De-scaling is not done with a blind filter basket. The blind filter basket is used with cleaning material ( Puly Caff or similar to remove coffee oil from the head and discharge passage).

De- scaling is using Gaggia descaler or similar mixed in the water tank , run throgh into the machine then left to stand to dissolve the scale in the boiler.

Then flushed out and re-flushed with fresh water.

Your problem could be a tint particle of scale lodged in the solenoid restricting / partially blocking the outlet. If it is this it will probably require the solenoid removing and FULLY taking apart to clean it out.
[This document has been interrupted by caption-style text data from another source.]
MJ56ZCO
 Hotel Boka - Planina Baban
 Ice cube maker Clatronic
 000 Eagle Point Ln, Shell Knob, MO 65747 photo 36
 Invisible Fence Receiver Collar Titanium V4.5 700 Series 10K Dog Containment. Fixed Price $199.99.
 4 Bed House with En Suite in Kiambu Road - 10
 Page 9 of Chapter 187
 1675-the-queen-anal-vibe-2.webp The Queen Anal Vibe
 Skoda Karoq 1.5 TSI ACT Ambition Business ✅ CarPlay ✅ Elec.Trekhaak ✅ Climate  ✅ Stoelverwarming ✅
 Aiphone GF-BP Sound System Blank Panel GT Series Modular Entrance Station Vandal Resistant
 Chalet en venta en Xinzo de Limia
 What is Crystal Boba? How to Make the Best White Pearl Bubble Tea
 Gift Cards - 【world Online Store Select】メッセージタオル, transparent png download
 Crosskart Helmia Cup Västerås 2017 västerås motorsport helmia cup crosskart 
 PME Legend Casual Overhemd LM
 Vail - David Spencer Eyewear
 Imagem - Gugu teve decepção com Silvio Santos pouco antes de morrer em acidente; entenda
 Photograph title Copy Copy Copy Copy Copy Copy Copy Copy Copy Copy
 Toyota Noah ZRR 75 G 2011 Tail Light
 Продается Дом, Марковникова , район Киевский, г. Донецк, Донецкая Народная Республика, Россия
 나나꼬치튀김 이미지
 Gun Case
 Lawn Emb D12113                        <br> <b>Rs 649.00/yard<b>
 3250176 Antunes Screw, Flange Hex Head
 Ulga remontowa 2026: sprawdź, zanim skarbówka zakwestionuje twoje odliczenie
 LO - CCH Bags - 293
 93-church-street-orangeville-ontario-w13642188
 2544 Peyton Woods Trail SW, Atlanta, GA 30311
DO NOT PROD with wire etc or you may cause more problems / damage.


----------



## agfoxx (Apr 29, 2017)

Spent a few hours today completely taking the machine apart, soaking everything in descaler, then putting everything together again (I already had the gaskets). The Allen bolts under the shower screen were devils to undo, and when I did unscrew them, I got a ton of dust, lime particles etc. flying right into my face. The gasket was incredibly stiff, - I had to use a small screw to pull it out.

After all the work, and after replacing everything that needed replacing, it works marvelously.

So - phew.


----------



## russe11 (May 12, 2012)

The beauty of the Gaggia Classic... With a bit of effort/care they can be very rewarding. A great first step on the coffee ladder!


----------